Segment Open

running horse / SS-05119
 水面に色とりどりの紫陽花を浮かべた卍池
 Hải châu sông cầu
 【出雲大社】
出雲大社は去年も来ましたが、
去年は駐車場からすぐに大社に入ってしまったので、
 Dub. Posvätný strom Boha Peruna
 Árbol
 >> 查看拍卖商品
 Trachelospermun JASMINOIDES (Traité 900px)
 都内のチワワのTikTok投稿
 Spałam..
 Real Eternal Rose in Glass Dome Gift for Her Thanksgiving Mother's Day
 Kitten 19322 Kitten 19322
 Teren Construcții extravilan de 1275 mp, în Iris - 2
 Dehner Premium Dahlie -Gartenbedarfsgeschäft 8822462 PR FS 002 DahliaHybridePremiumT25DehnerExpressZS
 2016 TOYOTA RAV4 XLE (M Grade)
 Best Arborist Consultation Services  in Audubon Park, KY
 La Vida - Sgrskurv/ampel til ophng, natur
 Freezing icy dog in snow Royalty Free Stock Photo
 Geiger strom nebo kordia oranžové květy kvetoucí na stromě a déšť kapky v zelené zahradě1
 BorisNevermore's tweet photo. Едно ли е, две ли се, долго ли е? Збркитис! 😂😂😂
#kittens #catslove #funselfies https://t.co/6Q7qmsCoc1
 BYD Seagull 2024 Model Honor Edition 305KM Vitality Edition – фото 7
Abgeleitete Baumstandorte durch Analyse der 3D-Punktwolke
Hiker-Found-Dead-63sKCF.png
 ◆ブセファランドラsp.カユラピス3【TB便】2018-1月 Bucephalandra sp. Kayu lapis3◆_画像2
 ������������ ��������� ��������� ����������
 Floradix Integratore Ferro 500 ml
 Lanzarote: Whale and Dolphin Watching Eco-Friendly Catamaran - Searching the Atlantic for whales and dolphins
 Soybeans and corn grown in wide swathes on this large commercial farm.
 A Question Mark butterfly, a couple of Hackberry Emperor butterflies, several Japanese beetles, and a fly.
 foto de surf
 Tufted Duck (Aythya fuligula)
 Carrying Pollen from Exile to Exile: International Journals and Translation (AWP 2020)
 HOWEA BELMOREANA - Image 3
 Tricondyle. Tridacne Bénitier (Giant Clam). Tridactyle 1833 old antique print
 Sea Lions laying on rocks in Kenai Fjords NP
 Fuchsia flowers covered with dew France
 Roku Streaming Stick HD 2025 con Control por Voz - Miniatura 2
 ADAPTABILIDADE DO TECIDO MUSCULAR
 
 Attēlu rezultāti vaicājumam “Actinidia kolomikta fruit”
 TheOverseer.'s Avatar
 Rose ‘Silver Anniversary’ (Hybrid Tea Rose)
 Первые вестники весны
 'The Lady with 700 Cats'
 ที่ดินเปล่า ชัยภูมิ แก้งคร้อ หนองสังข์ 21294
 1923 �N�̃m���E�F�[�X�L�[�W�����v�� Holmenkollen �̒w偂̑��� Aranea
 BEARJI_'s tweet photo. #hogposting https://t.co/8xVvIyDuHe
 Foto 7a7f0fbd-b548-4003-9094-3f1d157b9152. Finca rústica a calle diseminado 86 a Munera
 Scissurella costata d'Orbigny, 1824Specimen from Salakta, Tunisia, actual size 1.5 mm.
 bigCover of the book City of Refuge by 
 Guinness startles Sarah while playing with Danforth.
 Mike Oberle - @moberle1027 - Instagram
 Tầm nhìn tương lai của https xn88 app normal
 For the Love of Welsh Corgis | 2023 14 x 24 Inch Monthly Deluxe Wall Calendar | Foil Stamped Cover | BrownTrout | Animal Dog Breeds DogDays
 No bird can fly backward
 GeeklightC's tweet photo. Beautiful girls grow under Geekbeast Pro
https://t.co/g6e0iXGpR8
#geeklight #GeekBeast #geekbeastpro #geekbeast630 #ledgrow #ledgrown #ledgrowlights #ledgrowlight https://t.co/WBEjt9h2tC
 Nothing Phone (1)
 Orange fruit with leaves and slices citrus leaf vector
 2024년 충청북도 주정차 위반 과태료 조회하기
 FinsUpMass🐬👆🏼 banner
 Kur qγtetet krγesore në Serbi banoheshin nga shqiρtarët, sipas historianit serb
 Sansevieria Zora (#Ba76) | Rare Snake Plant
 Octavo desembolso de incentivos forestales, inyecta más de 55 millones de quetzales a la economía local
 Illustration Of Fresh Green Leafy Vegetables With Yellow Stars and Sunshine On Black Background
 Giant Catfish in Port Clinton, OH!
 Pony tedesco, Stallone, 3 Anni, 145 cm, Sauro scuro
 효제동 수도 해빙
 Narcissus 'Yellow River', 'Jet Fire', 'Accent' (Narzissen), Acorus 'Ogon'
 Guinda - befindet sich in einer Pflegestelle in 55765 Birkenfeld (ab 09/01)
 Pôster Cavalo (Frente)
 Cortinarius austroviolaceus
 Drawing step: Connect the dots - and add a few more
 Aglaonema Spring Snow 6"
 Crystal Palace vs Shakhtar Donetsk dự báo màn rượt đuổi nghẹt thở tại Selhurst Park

Segment Closed

● Activity
Set down the records again verbatim, so that each word stays as it is.

● Solution to the problem
running horse / SS-05119
 水面に色とりどりの紫陽花を浮かべた卍池
 Hải châu sông cầu
 【出雲大社】
出雲大社は去年も来ましたが、
去年は駐車場からすぐに大社に入ってしまったので、
 Dub. Posvätný strom Boha Peruna
 Árbol
 >> 查看拍卖商品
 Trachelospermun JASMINOIDES (Traité 900px)
 都内のチワワのTikTok投稿
 Spałam..
 Real Eternal Rose in Glass Dome Gift for Her Thanksgiving Mother's Day
 Kitten 19322 Kitten 19322
 Teren Construcții extravilan de 1275 mp, în Iris - 2
 Dehner Premium Dahlie -Gartenbedarfsgeschäft 8822462 PR FS 002 DahliaHybridePremiumT25DehnerExpressZS
 2016 TOYOTA RAV4 XLE (M Grade)
 Best Arborist Consultation Services  in Audubon Park, KY
 La Vida - Sgrskurv/ampel til ophng, natur
 Freezing icy dog in snow Royalty Free Stock Photo
 Geiger strom nebo kordia oranžové květy kvetoucí na stromě a déšť kapky v zelené zahradě1
 BorisNevermore's tweet photo. Едно ли е, две ли се, долго ли е? Збркитис! 😂😂😂
#kittens #catslove #funselfies https://t.co/6Q7qmsCoc1
 BYD Seagull 2024 Model Honor Edition 305KM Vitality Edition – фото 7
Abgeleitete Baumstandorte durch Analyse der 3D-Punktwolke
Hiker-Found-Dead-63sKCF.png
 ◆ブセファランドラsp.カユラピス3【TB便】2018-1月 Bucephalandra sp. Kayu lapis3◆_画像2
 ������������ ��������� ��������� ����������
 Floradix Integratore Ferro 500 ml
 Lanzarote: Whale and Dolphin Watching Eco-Friendly Catamaran - Searching the Atlantic for whales and dolphins
 Soybeans and corn grown in wide swathes on this large commercial farm.
 A Question Mark butterfly, a couple of Hackberry Emperor butterflies, several Japanese beetles, and a fly.
 foto de surf
 Tufted Duck (Aythya fuligula)
 Carrying Pollen from Exile to Exile: International Journals and Translation (AWP 2020)
 HOWEA BELMOREANA - Image 3
 Tricondyle. Tridacne Bénitier (Giant Clam). Tridactyle 1833 old antique print
 Sea Lions laying on rocks in Kenai Fjords NP
 Fuchsia flowers covered with dew France
 Roku Streaming Stick HD 2025 con Control por Voz - Miniatura 2
 ADAPTABILIDADE DO TECIDO MUSCULAR
 
 Attēlu rezultāti vaicājumam “Actinidia kolomikta fruit”
 TheOverseer.'s Avatar
 Rose ‘Silver Anniversary’ (Hybrid Tea Rose)
 Первые вестники весны
 'The Lady with 700 Cats'
 ที่ดินเปล่า ชัยภูมิ แก้งคร้อ หนองสังข์ 21294
 1923 �N�̃m���E�F�[�X�L�[�W�����v�� Holmenkollen �̒w偂̑��� Aranea
 BEARJI_'s tweet photo. #hogposting https://t.co/8xVvIyDuHe
 Foto 7a7f0fbd-b548-4003-9094-3f1d157b9152. Finca rústica a calle diseminado 86 a Munera
 Scissurella costata d'Orbigny, 1824Specimen from Salakta, Tunisia, actual size 1.5 mm.
 bigCover of the book City of Refuge by 
 Guinness startles Sarah while playing with Danforth.
 Mike Oberle - @moberle1027 - Instagram
 Tầm nhìn tương lai của https xn88 app normal
 For the Love of Welsh Corgis | 2023 14 x 24 Inch Monthly Deluxe Wall Calendar | Foil Stamped Cover | BrownTrout | Animal Dog Breeds DogDays
 No bird can fly backward
 GeeklightC's tweet photo. Beautiful girls grow under Geekbeast Pro
https://t.co/g6e0iXGpR8
#geeklight #GeekBeast #geekbeastpro #geekbeast630 #ledgrow #ledgrown #ledgrowlights #ledgrowlight https://t.co/WBEjt9h2tC
 Nothing Phone (1)
 Orange fruit with leaves and slices citrus leaf vector
 2024년 충청북도 주정차 위반 과태료 조회하기
 FinsUpMass🐬👆🏼 banner
 Kur qγtetet krγesore në Serbi banoheshin nga shqiρtarët, sipas historianit serb
 Sansevieria Zora (#Ba76) | Rare Snake Plant
 Octavo desembolso de incentivos forestales, inyecta más de 55 millones de quetzales a la economía local
 Illustration Of Fresh Green Leafy Vegetables With Yellow Stars and Sunshine On Black Background
 Giant Catfish in Port Clinton, OH!
 Pony tedesco, Stallone, 3 Anni, 145 cm, Sauro scuro
 효제동 수도 해빙
 Narcissus 'Yellow River', 'Jet Fire', 'Accent' (Narzissen), Acorus 'Ogon'
 Guinda - befindet sich in einer Pflegestelle in 55765 Birkenfeld (ab 09/01)
 Pôster Cavalo (Frente)
 Cortinarius austroviolaceus
 Drawing step: Connect the dots - and add a few more
 Aglaonema Spring Snow 6"
 Crystal Palace vs Shakhtar Donetsk dự báo màn rượt đuổi nghẹt thở tại Selhurst Park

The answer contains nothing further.